The Cathal Bui Summer School 2001 is looking for entries for its short story and poetry competitions, either in Irish or English. The school runs on the first weekend of July at Belcoo, Co Fermanagh, and Blacklion, Co Cavan. There is a prize of £100 and £50 in each section. Entry forms and details of entry fees are available from Writing Competition, Belcoo, Co Fermanagh; Closing date: March 17th.

The Yeats Winter School takes place this weekend in Sligo. If you get to the Sligo Park before 9.30 a.m. today, you'll hear Ann Fogarty, director of the winter school, give a paper entitled "Ancestral houses; Yeats and the poetics of place". In the Yeats Memorial Building at 11.15 a.m. you'll have the opportunity to hear poet Peter Sirr's lecture "Faint harps and silver voice; a winter notebook". Tomorrow the programme includes Ann Fogarty talking on "Ghostly colloquies; Yeats and Seamus Heaney." For more details, telephone 071-42693.

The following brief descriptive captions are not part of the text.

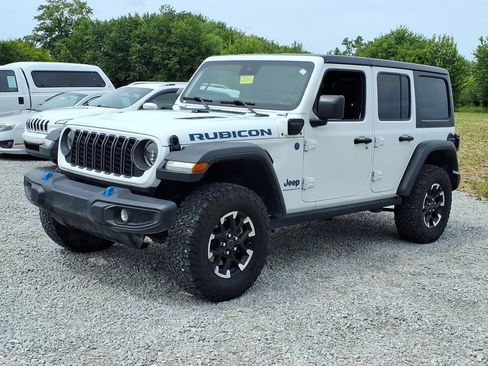 Used 2025 Jeep Wrangler Unlimited Rubicon 4xe w/ Safety Group AWD/4WD image 11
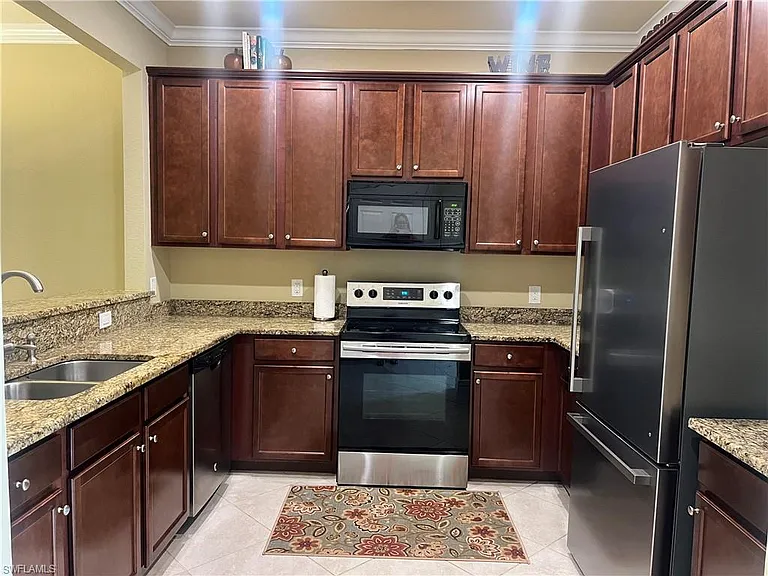 10300 Via Colomba Cir — Photo 5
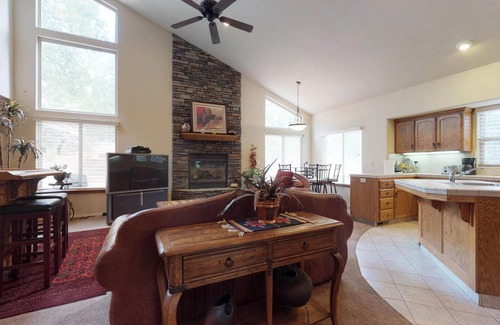 Granite Ridge House | 186 m² House ∙ 3 bedrooms ∙ 6 guests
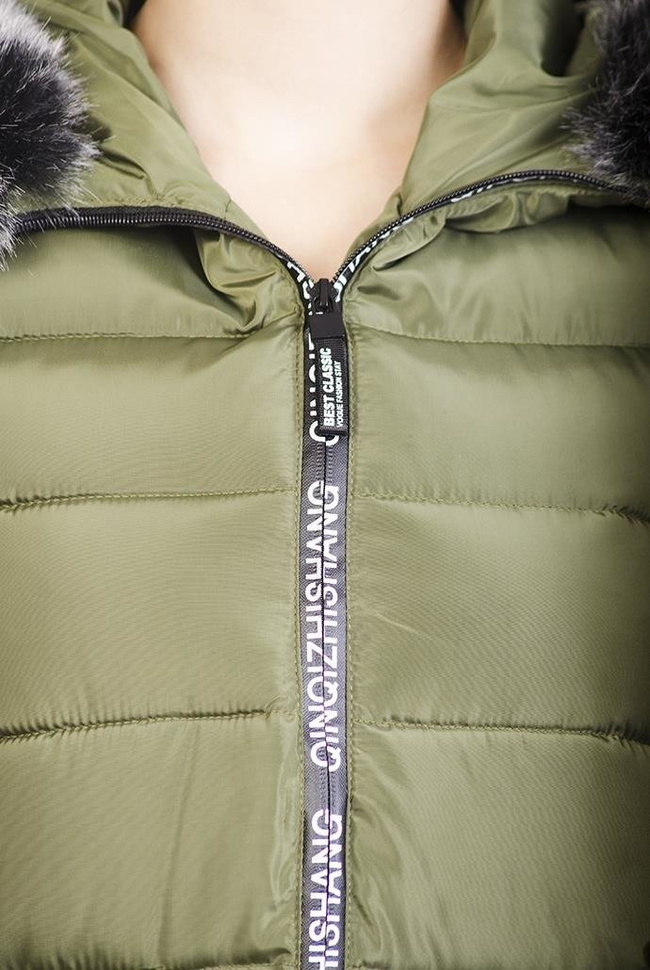 Zielona ocieplana, przedłużana kurtka z futerkiem przy kapturze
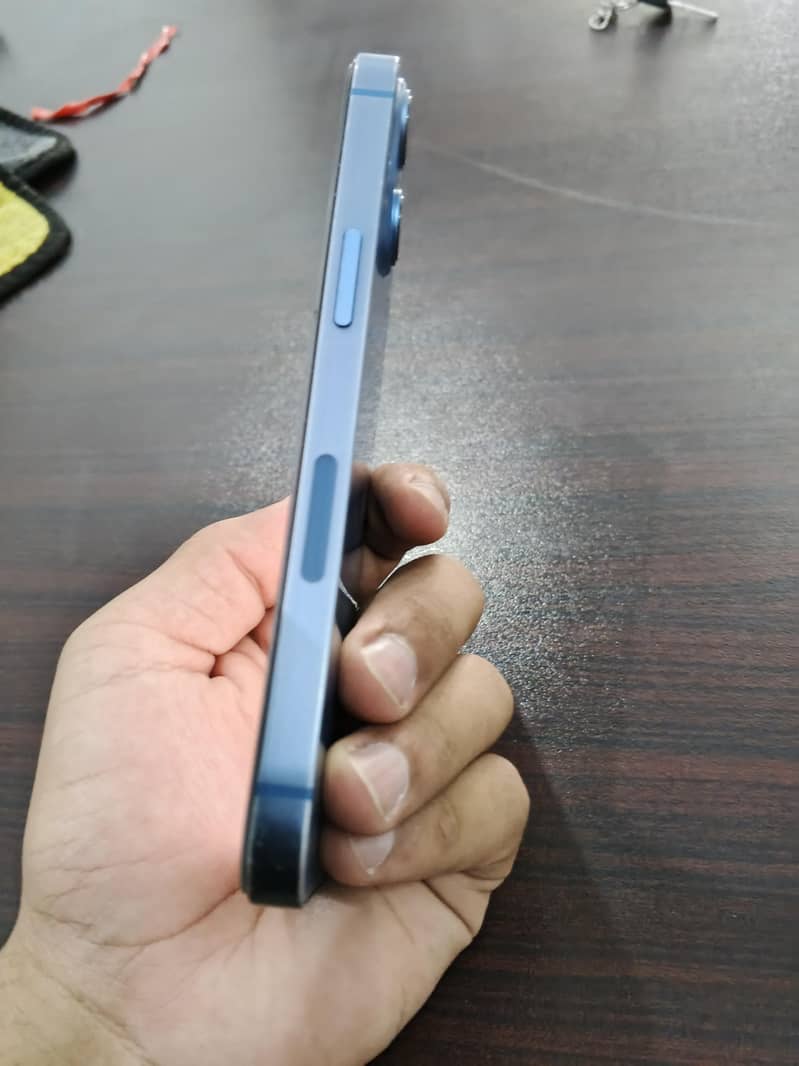 Apple iPhone 13 3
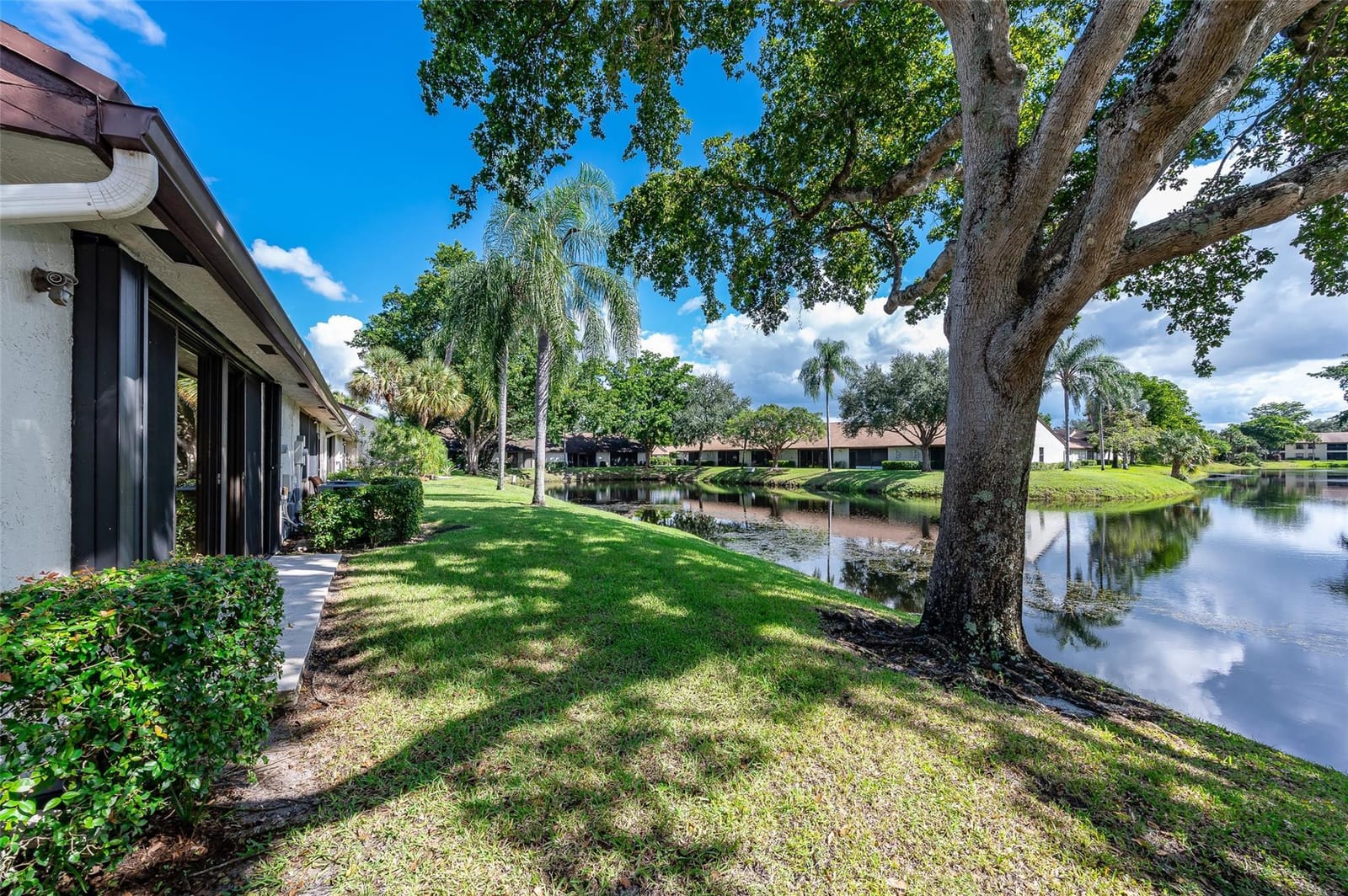 3272 Carambola Circle 3272 — photo 5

Sadbh has received an e-mail from that august body, Cambridge University Press. Every year, Magdalene College hosts the Parnell Lecture in Irish Studies, which is given by whoever is the Parnell Fellow - or Parnell Lass - that year. Past holders include Denis Donoghue, Helen Vendler, Joe Lee and Edna Longley. The holder this year is Padraig O Riain, of UCC. One of the main research projects O Riain is currently engaged in is chairing a team which is working on a new historical dictionary of Irish place-names. The title of the lecture is "Irish hagiography; a product of conflicting cultures". It takes place at 5.15 p.m. on Monday, February 12th, in Benson Hall, Magdalene College, Cambridge.